Top of RECORDS FOR THIS TASK

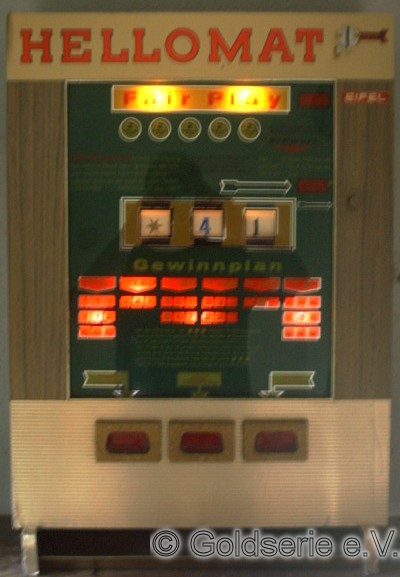 Fair Play, Hellomat, 1968 fa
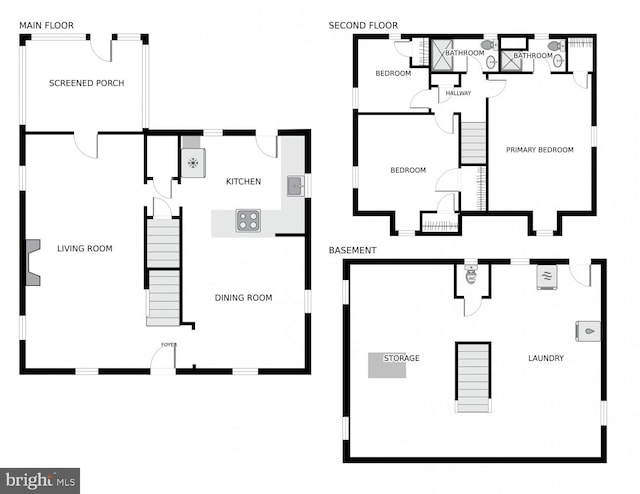 4212 Ingomar St NW, Washington, DC 20015 - home floor plan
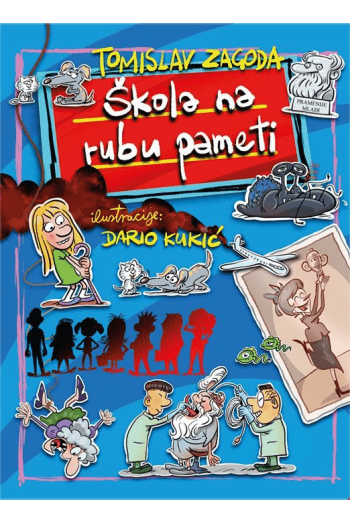 Škola na rubu pameti - naslovnica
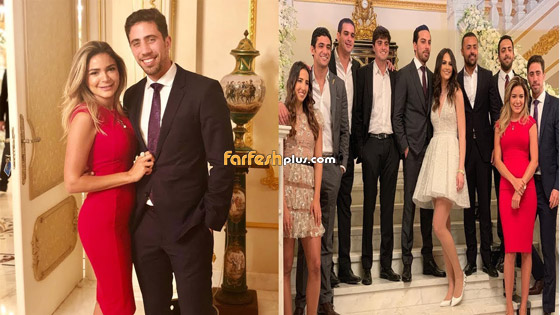 شاهد الصور الاولى لكاميليا الدفراوي، ابنة علا غانم فى حفل خطوبتها  صورة رقم 1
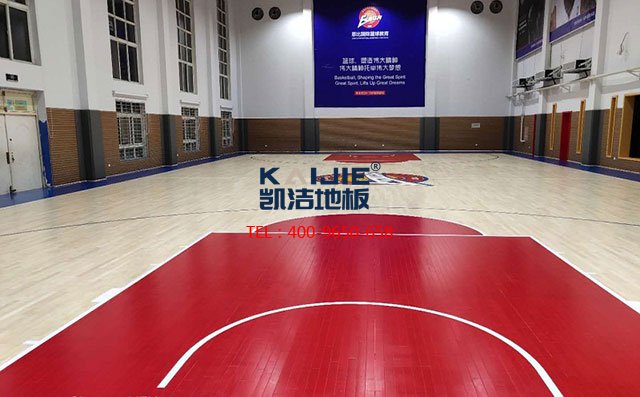 體育館木地板鋪裝，這三個細節(jié)必須處理好——凱潔地板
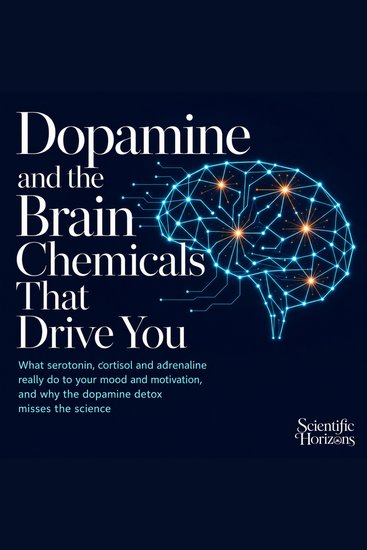 Dopamine and the Brain Chemicals That Drive You - What Serotonin Cortisol and Adrenaline Really Do to Your Mood and Motivation and Why the Dopamine Detox Misses the Science - cover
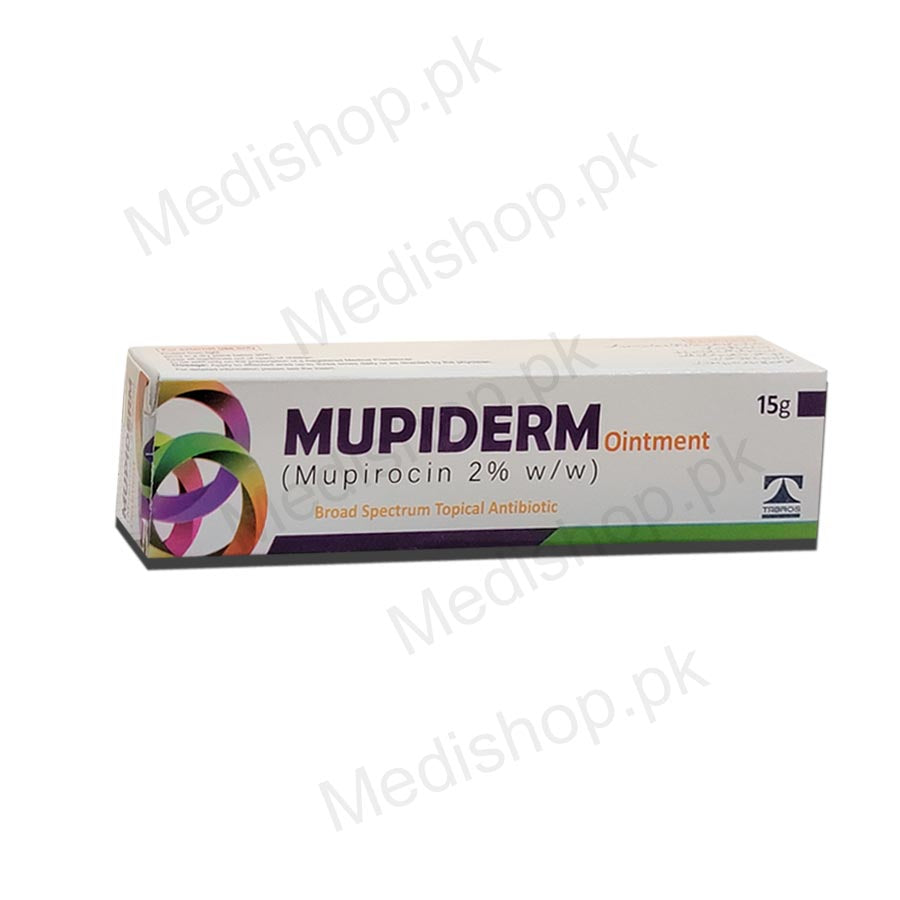 Mupiderm Ointment – Medishop.pk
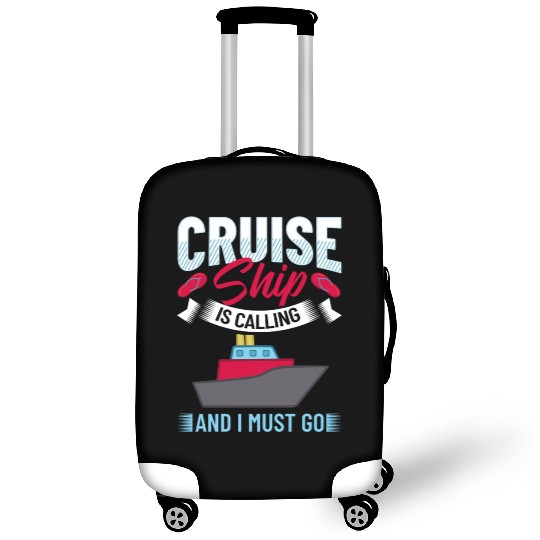 Cruise Ship Vacation Trip Party Sailing Boating Luggage Covers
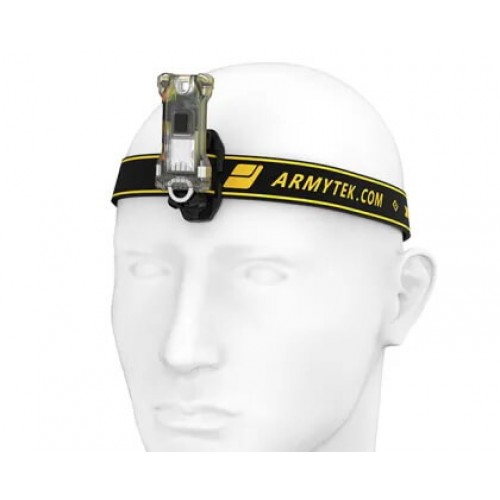 Наключный фонарь Armytek Zippy Extended Set (Yellow Amber) в Самаре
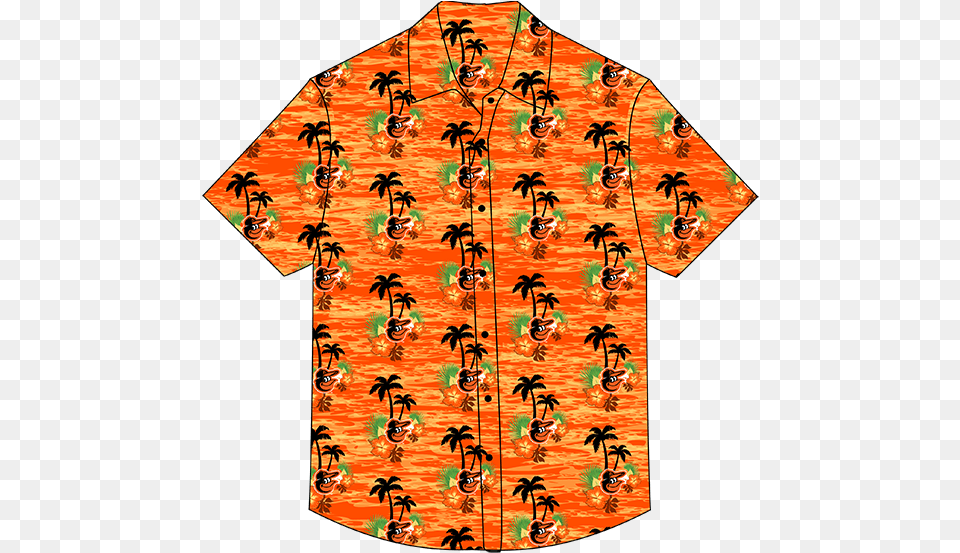 Orioles Hawaiian Shirt Giveaway 2019, Clothing, Dress, Fashion, Formal Wear Png Image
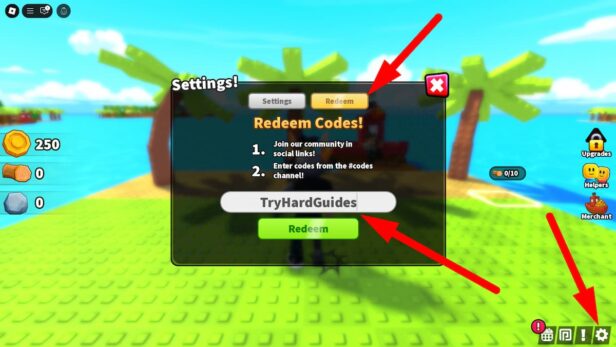 Build An Island Codes (July 2026) - Try Hard Guides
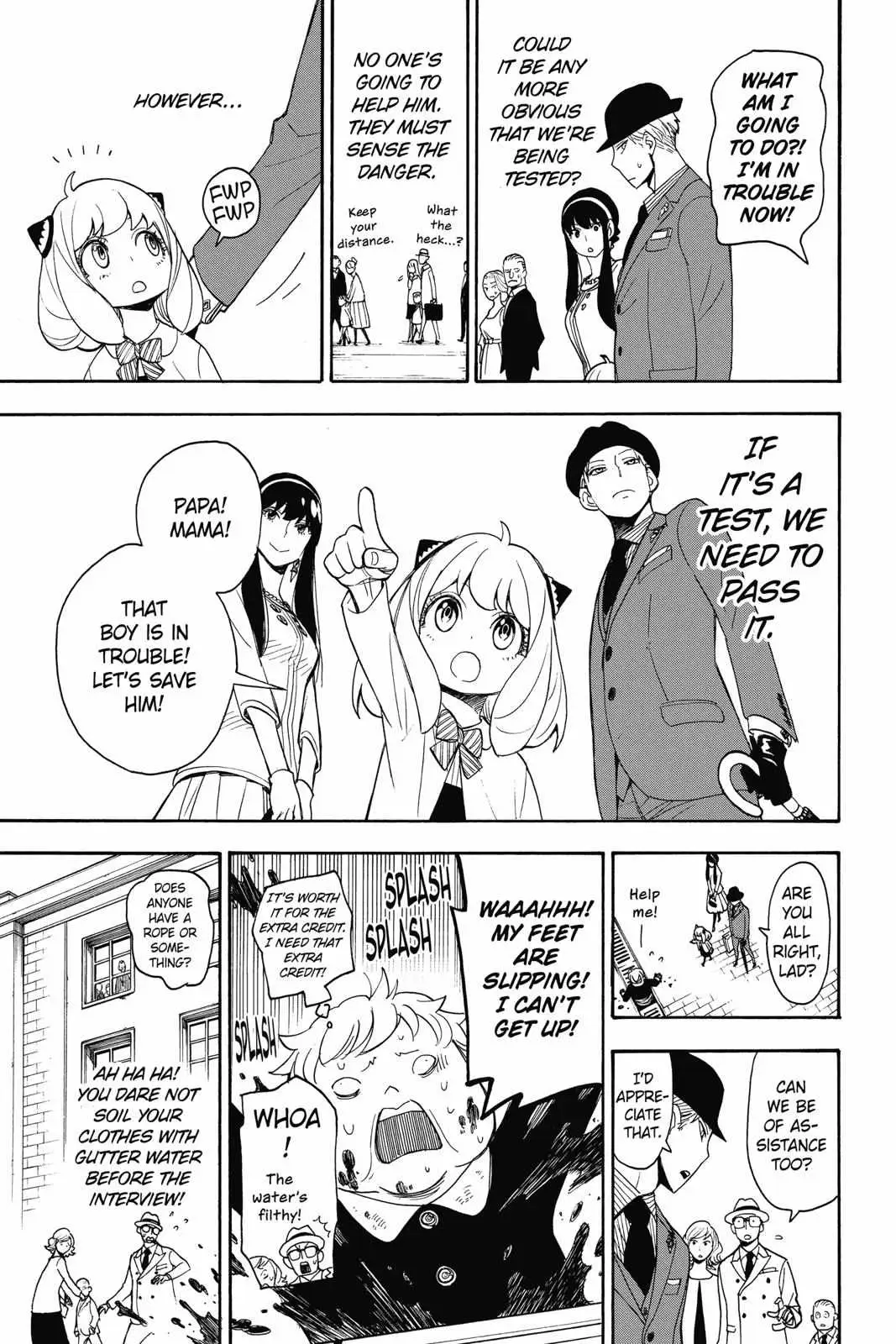 Read Spy×Family chapter 4 image 11 on Lezhin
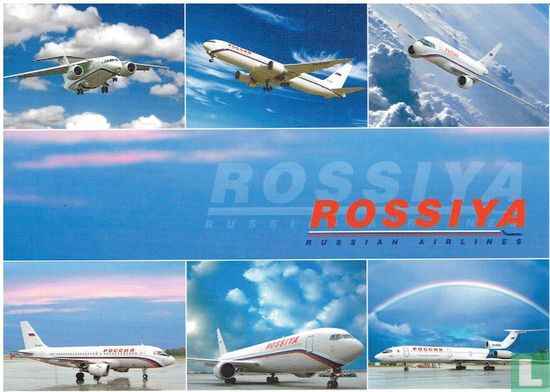 ROSSIYA - Flotte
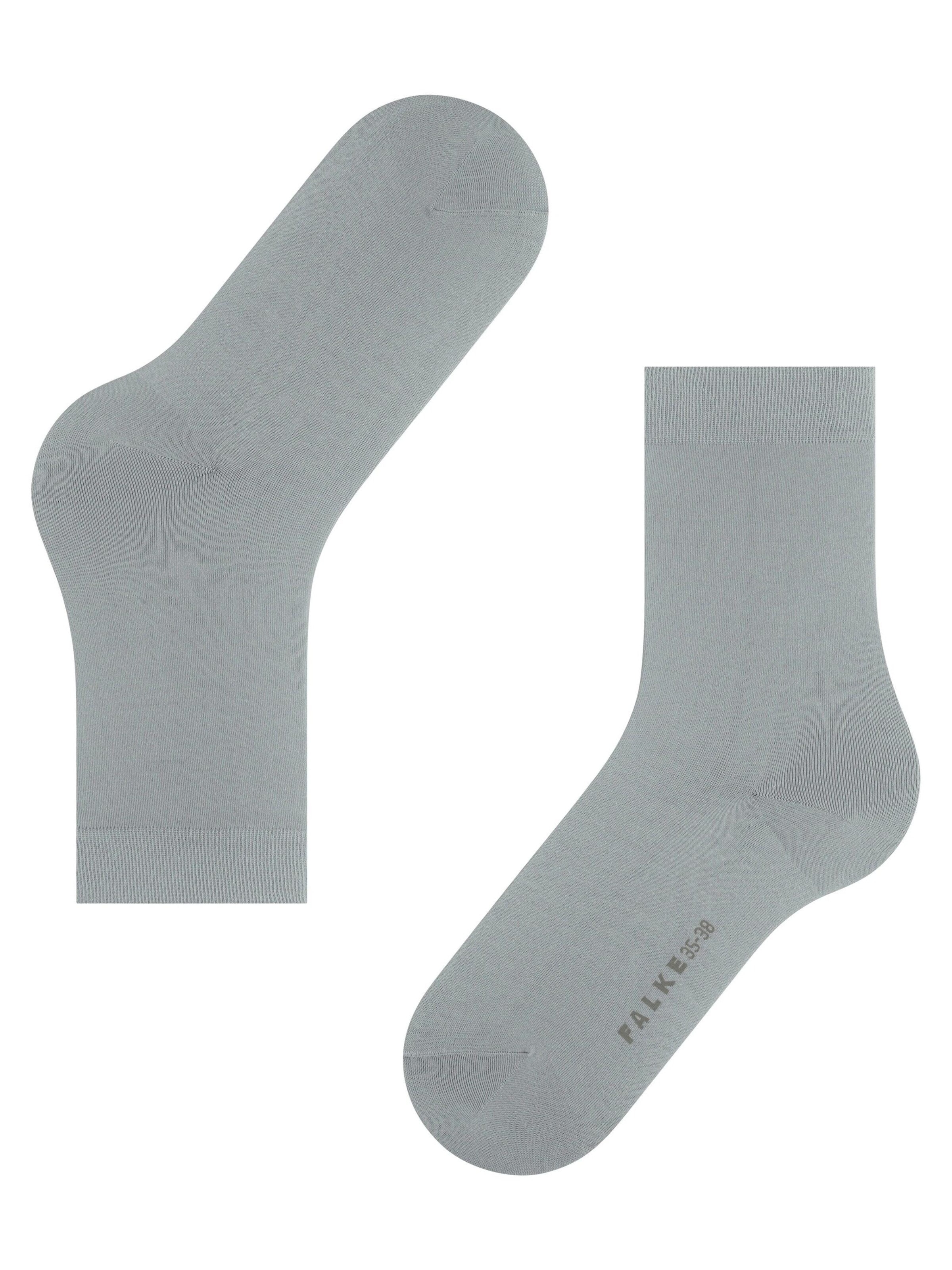 FALKE Socken 'Cotton Touch'‌‌‌‌ in Silber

Bottom of RECORDS FOR THIS TASK

#### INSTRUCTIONS FOR THE TASK:
All of the entries above are to be transcribed word for word, with no pictures included.

#### WRITTEN ANSWER:
 Fair Play, Hellomat, 1968 fa
 4212 Ingomar St NW, Washington, DC 20015 - home floor plan
 Škola na rubu pameti - naslovnica
 شاهد الصور الاولى لكاميليا الدفراوي، ابنة علا غانم فى حفل خطوبتها  صورة رقم 1
 體育館木地板鋪裝，這三個細節(jié)必須處理好——凱潔地板
 Dopamine and the Brain Chemicals That Drive You - What Serotonin Cortisol and Adrenaline Really Do to Your Mood and Motivation and Why the Dopamine Detox Misses the Science - cover
 Mupiderm Ointment – Medishop.pk
 Cruise Ship Vacation Trip Party Sailing Boating Luggage Covers
 Наключный фонарь Armytek Zippy Extended Set (Yellow Amber) в Самаре
 Orioles Hawaiian Shirt Giveaway 2019, Clothing, Dress, Fashion, Formal Wear Png Image
 Build An Island Codes (July 2026) - Try Hard Guides
 Read Spy×Family chapter 4 image 11 on Lezhin
 ROSSIYA - Flotte
 FALKE Socken 'Cotton Touch'‌‌‌‌ in Silber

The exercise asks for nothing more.